Now if we would like to check for an array whether a condition is met for all elements, it would be nice to make an array with the indices where this statement is true. You can do this by using Boolean variables.

Booleans are variables that have two values true or false. You can use Python to check whether a statement is true or false and Python then generates a boolean variable. For example, for a variable a

In [ ]:
a=2>3
print(a)

results in a being of type bool and having a value of False. Boolean indexing works in the following way: if x is an and y is a boolean-value array of the same shape as x. Then x[y] returns an array that is formed by from x and contains the values where y is True. Try it out for yourself.

Generate an array x of 100 random numbers between 0 and 10 and count (without using a for loop) how many numbers are larger than 5.

Method 1:

  • Make a Boolean variable y for the condition x>5
  • Print the variable y, the values are Boolean, i.e.,True or False
  • Extract from array x the elements that match the condition with x[y]
  • Calculate the length of the extracted array
In [ ]:
###
### Your code here
###

Just as you can extract a series of numbers from an array with advanced indexing Python recognizes that if you use a Boolean array you to convert it to an array with values equal to the locations that are True.

Method 2

  • Make a Boolean variable y for the condition x>5
  • Take the sum of y
In [ ]:
### BEGIN SOLUTION
N=20
x=10*np.random.rand(N)

# Method 2
y=(x>5)
z=sum(y)
print(z)

### END SOLUTION

Obviously, method 2 is much faster to implement. But wait a minute, a sum over an array of Booleans creates an integer number, something weird must be going on here?!
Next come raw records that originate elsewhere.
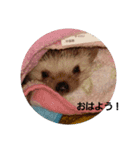 hedgehog.hatibee2（個別スタンプ：1）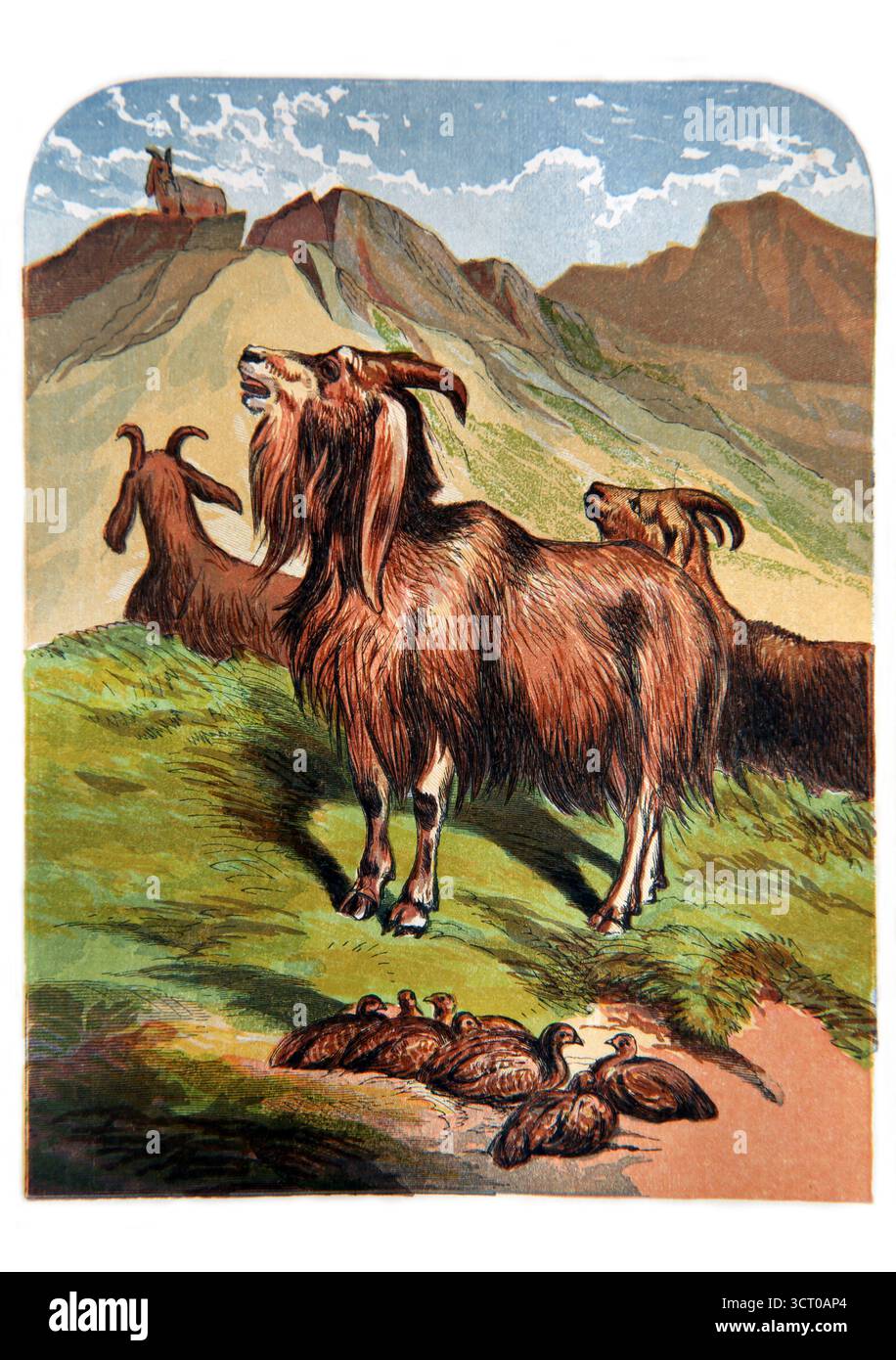 Illustrazione dipinta a mano di capre e quaglie - Quaglie usate per cibo e capre per sacrificio e piede quando gli Israeliti erano nel XIX secolo Wilderness Foto Stock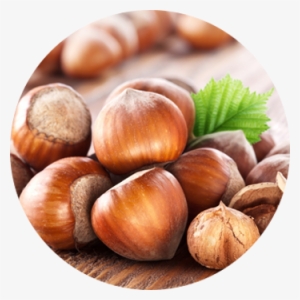 Hazelnut - Hazelnut Tree Bhutan #3126376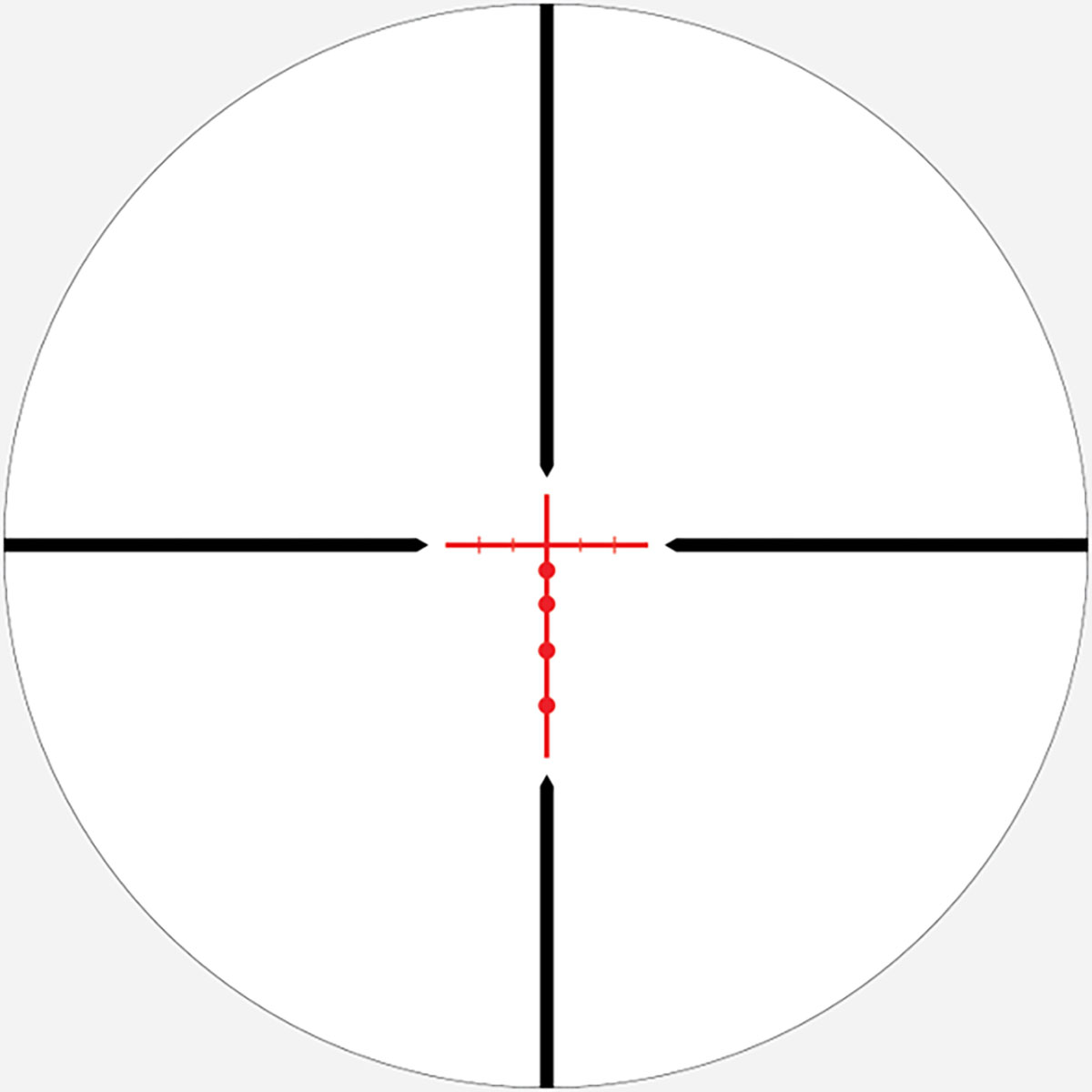 430119170_15.jpg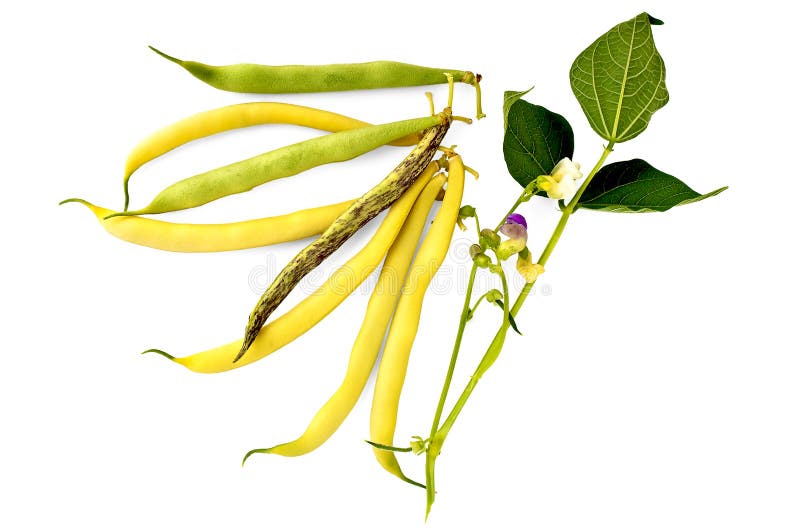 Multicolored Beans with a Flower Stock Image Image of summer, healthy 20750717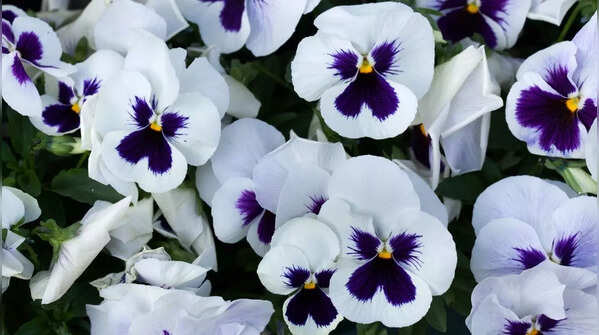 9 colourful winter flowers for balcony garden that bloom in January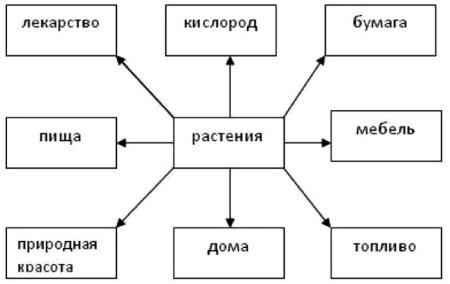 Что дают растения и животные человеку схема 3 класс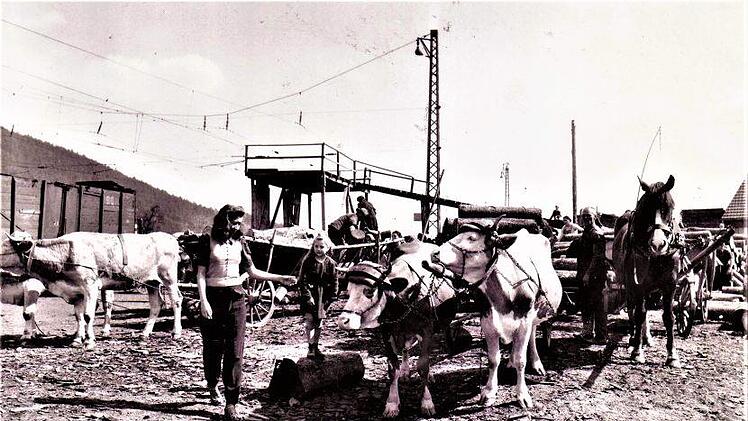 Oberhalb des Neuseser Bahnhofs entstand nach Kriegsende auf dem Holzverladeplatz dieses hochinteressante Bild, fotografiert am 16. April 1945 von einem amerikanischen Kriegsreporter. Repro: Gerd Fleischmann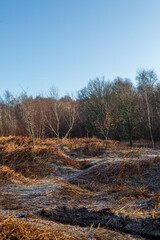 Chailey Common in Winter with Frost on the Ground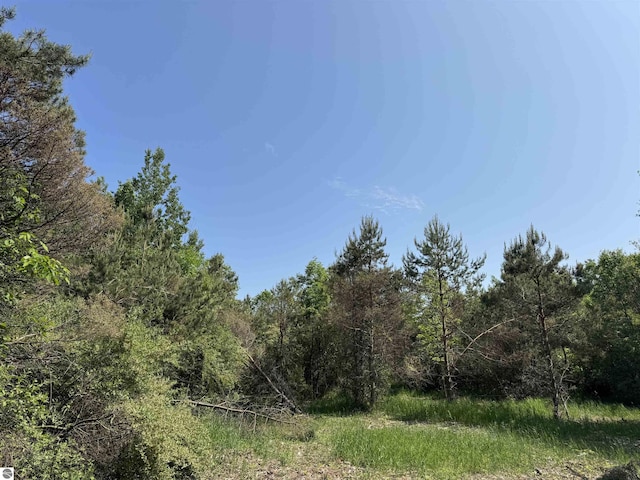 N Nelson Rd, Northport, MI 49670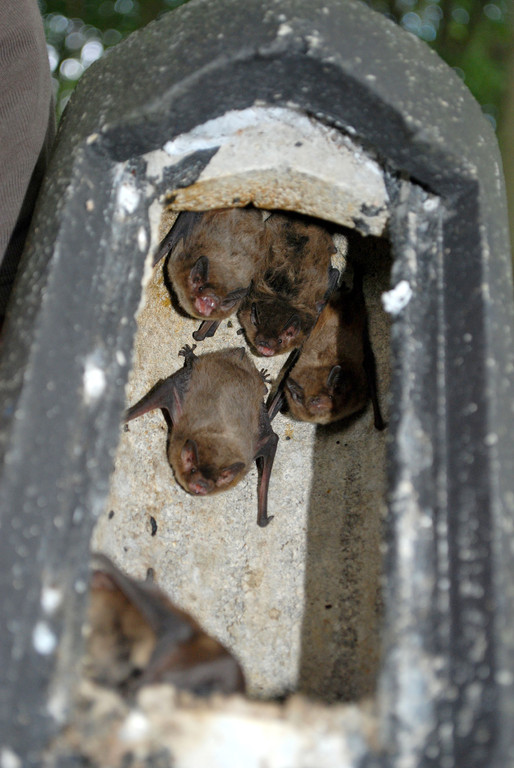 Rauhhautfledermäuse im Fledermauskasten.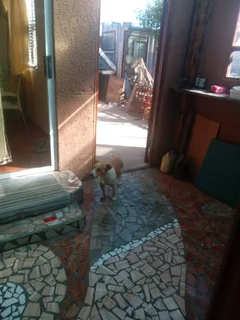 Dog - Ad posted by Desdamona Jooste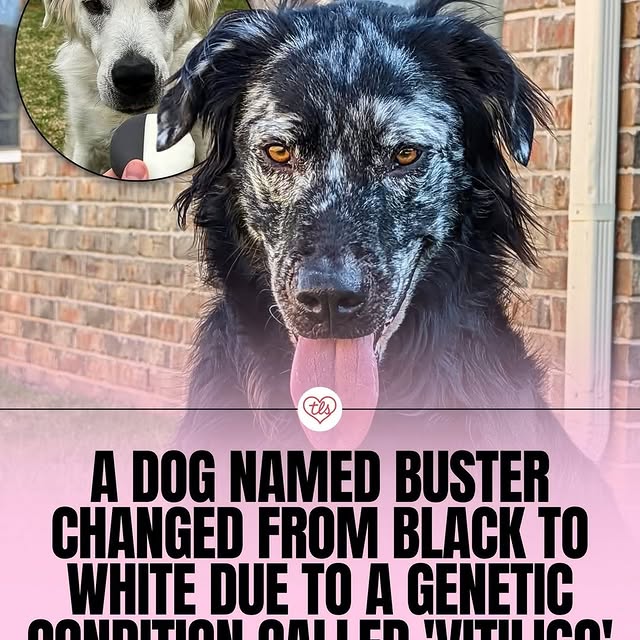  .....vid.s   'recent posts' 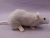 Light Grey Rat Plushie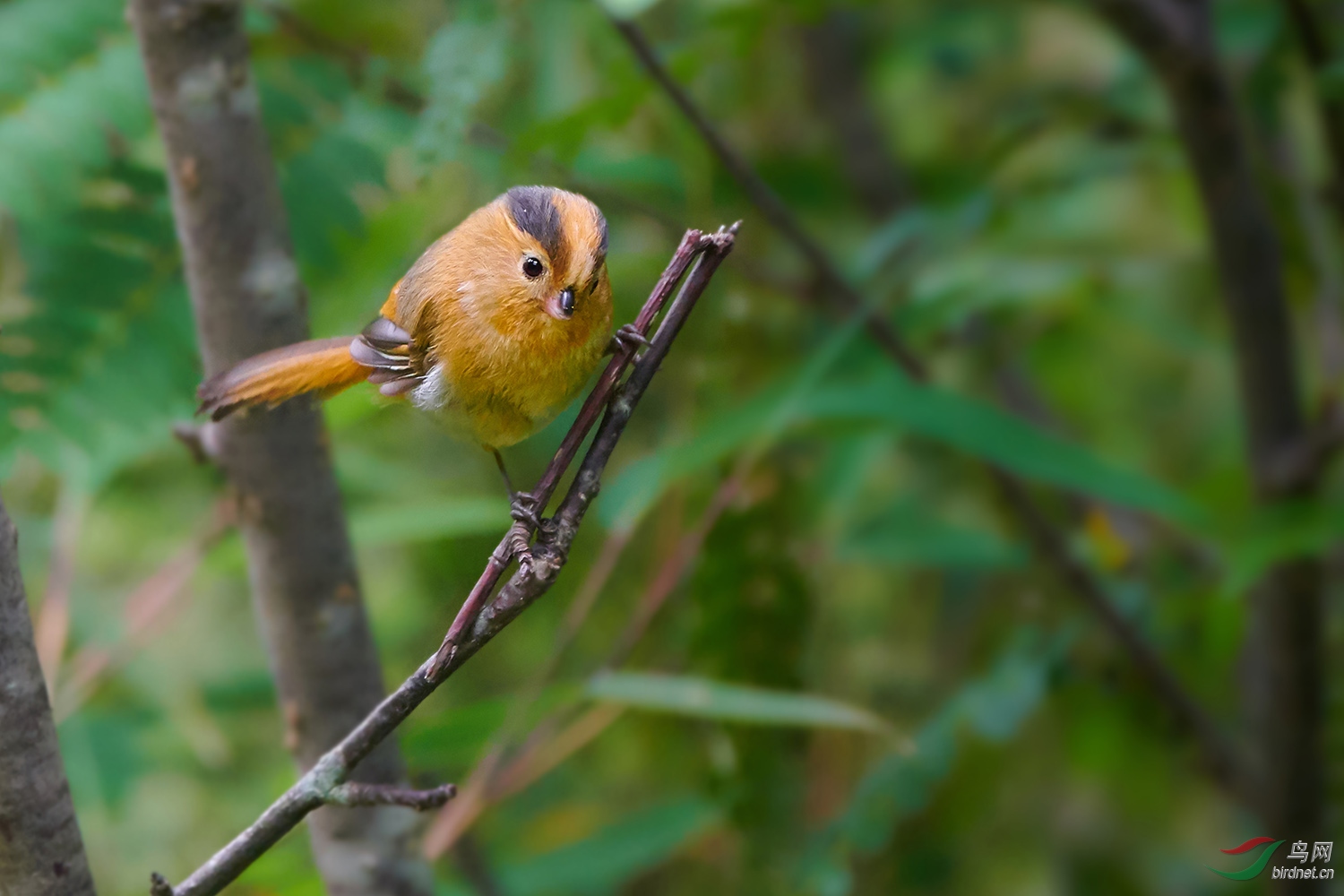 走进秦岭黄额鸦雀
In fact, Python is sufficiently clever to understand that if you take a sum that True counts as 1 and False as zero. Another way of seeing is this is that 1*y, with y a Boolean array, generates a sequence of ones and zeros that can be summed. So when performing mathematical operations with Booleans these may be converted to numeric values.

Multi-dimensional integration

Using the method of Boolean indexing, the speed of calculating Monte-Carlo integrals through the mean value method can be improved. When the mean value method is used to calculate areas or volumes $f(\vec{r}_i)=1$. In the most general case $f(\vec{r}_i)$ is the function that is integrated over an area or volume.

Exercise 5

Change your code for calculating $\pi$ using Boolean indexing, i.e. replace the for loop with two lines of code: one for Boolean indexing the points within the circle, the second for calculating the sum.

The beauty of Monte-Carlo integration is that extension to higher dimensionality integrals is straightforward. Just generate the random numbers in the multi-dimensional space enclosing the to be integrated volume $S$, apply Boolean indexing, and calculate the mean value.

Exercise 6

In this exercise we are going to calculate the mass of a 3D sphere with linearly increasing density. This problem is quite challenging to do analytically, but with Monte Carlo integration it is relatively easy.

Let's first start with the simple problem of determining the mass of a sphere with uniform density $\rho_0=1.5$ kg/m$^3$. The sphere has a radius of 1 meter, and we initially integrate it with $N=100$ points.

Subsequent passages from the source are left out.